§ Source data:
--------------------
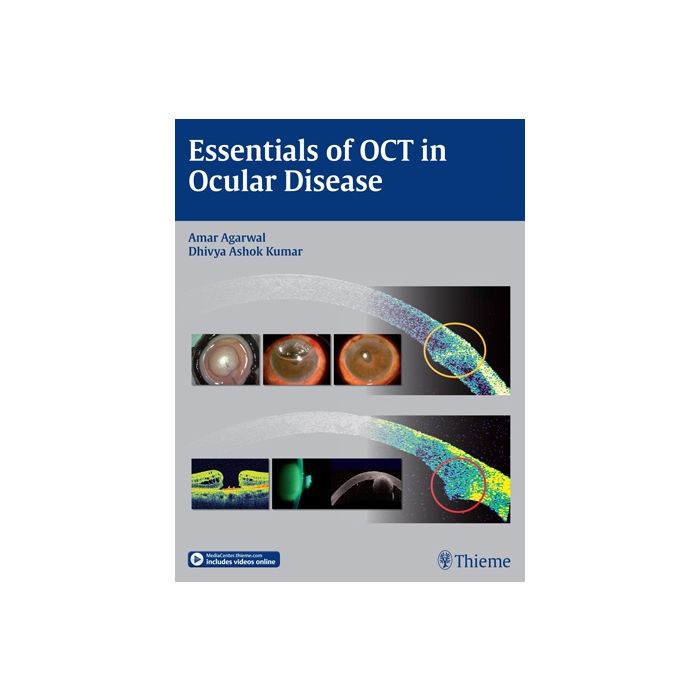 Essentials of OCT in Ocular Disease  Agarwal Amar; Steinert Roger F.; Kumar Dhivya Ashok  Thieme Medical Publishers  9781626230989
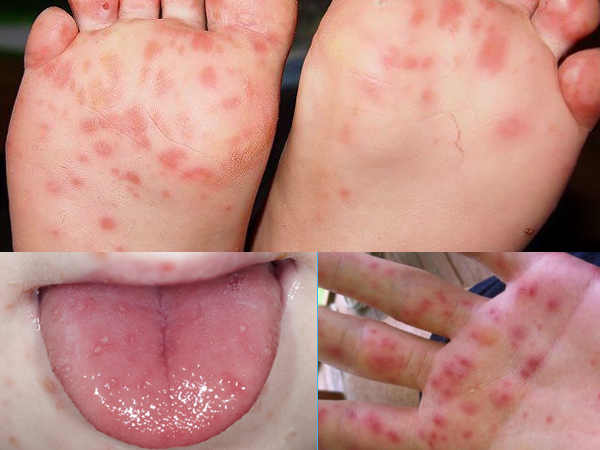 Hand Foot Mouth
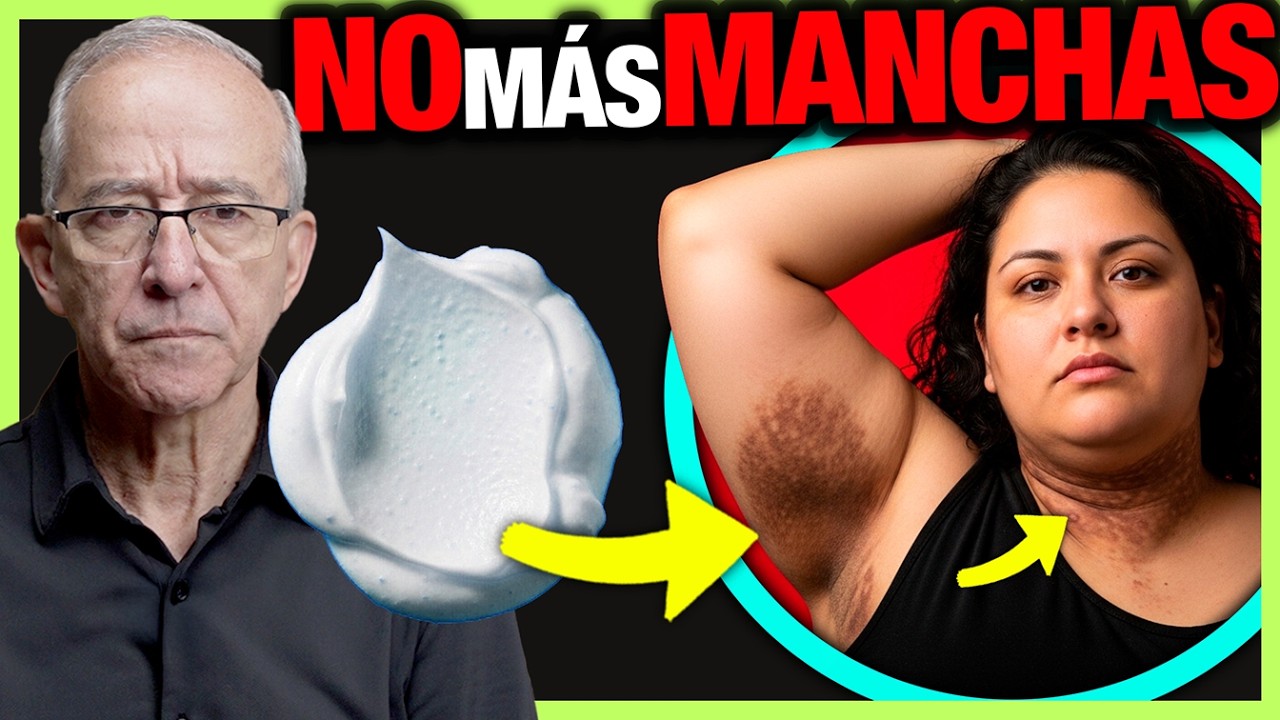 🧼 USA EL BICARBONATO ASI Para Las Manchas En Tu Cuello , Oswaldo Restrepo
--------------------
§ Work to be completed: All the material above must be copied exactly, and no picture belongs in the copy.

§ Finished task:
 Essentials of OCT in Ocular Disease  Agarwal Amar; Steinert Roger F.; Kumar Dhivya Ashok  Thieme Medical Publishers  9781626230989
 Hand Foot Mouth
 🧼 USA EL BICARBONATO ASI Para Las Manchas En Tu Cuello , Oswaldo Restrepo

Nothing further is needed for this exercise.